Colombianos completam 50 dias em greve nacional sob violência sistêmica do Estado
São 76 os mortos durante a paralisação, mas desde o início do ano país já registra 41 chacinas, com 138 assassinatos
Michele de Mello, Brasil de Fato
A Colômbia chamou a atenção internacional no último mês pelos informes e denúncias em fotos, vídeo e relatos nas redes sociais da brutalidade policial com que foram reprimidos os protestos que acompanham a greve geral, que já dura 50 dias.
Os números também confirmam que a violência no país é estrutural. Com a atual paralisação, as práticas excessivas das forças militares e os conflitos armados que já existiam no interior do território colombiano passaram a ser vistos também nas grandes cidades.

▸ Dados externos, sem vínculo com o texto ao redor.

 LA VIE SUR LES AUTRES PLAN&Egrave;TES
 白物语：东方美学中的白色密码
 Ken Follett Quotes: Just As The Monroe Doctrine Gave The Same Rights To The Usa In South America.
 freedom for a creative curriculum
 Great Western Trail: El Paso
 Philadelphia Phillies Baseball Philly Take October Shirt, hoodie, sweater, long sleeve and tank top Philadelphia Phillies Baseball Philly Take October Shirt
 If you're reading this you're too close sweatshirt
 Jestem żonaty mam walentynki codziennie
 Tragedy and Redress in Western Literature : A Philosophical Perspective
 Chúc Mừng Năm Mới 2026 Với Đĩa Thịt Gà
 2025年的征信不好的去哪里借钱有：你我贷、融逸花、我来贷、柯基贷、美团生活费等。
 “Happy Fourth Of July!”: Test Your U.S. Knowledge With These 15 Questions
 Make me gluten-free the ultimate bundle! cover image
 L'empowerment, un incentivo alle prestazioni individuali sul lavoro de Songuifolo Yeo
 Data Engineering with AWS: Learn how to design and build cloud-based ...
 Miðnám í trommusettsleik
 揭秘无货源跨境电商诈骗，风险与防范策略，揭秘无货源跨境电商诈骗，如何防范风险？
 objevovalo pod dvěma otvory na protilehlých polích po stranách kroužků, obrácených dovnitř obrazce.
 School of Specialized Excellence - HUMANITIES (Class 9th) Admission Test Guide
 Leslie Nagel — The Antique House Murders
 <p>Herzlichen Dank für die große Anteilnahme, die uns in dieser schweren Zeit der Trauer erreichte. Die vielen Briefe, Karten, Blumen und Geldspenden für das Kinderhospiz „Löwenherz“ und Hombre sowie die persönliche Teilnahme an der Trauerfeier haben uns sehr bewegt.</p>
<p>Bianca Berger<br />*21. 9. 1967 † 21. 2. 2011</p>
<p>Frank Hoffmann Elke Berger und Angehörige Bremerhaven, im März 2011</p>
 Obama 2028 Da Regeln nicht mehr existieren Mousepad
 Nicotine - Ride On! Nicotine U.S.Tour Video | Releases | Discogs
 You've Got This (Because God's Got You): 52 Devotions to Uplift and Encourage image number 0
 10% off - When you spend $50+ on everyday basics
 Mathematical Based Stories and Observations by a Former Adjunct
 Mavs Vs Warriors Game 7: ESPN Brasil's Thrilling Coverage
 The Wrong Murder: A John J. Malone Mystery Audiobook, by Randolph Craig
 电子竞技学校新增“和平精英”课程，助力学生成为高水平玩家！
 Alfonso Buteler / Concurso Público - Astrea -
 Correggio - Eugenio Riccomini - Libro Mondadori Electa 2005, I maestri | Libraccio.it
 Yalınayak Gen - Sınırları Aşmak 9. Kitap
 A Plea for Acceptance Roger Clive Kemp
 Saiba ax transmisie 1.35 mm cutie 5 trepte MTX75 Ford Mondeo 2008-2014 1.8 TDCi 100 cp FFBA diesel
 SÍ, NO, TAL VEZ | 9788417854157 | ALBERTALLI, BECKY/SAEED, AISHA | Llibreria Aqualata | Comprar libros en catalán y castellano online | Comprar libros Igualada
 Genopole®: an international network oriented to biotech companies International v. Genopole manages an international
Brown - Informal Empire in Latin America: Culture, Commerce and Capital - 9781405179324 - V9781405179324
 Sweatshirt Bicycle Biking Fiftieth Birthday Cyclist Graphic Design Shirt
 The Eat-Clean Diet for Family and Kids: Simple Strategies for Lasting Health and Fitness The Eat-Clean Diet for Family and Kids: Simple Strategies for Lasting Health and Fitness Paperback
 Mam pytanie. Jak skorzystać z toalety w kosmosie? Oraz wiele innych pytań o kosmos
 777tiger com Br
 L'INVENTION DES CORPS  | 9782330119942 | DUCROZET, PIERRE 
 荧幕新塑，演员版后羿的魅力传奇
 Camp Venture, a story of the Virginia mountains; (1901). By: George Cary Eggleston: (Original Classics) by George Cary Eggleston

Em 50 dias de greve, foram contabilizados 76 homicídios, 3.789 denúncias de violência policial e 346 desaparecidos, segundo levantamento de organizações de direitos humanos. A repressão, entretanto, não impediu a manifestação popular. No mesmo período, foram mantidos mais de 3.600 bloqueios de estradas e realizadas 666 manifestações.
“O controle o militar dos protestos foi focado nos jovens. Não é qualquer jovem, é o jovem pobre. São os moradores das comunas, dos bairros pobres que sofreram a maior repressão militar contra os atos”, relata o psiquiatra e membro da Rede Popular de Primeiros Socorros Juan David Páramo.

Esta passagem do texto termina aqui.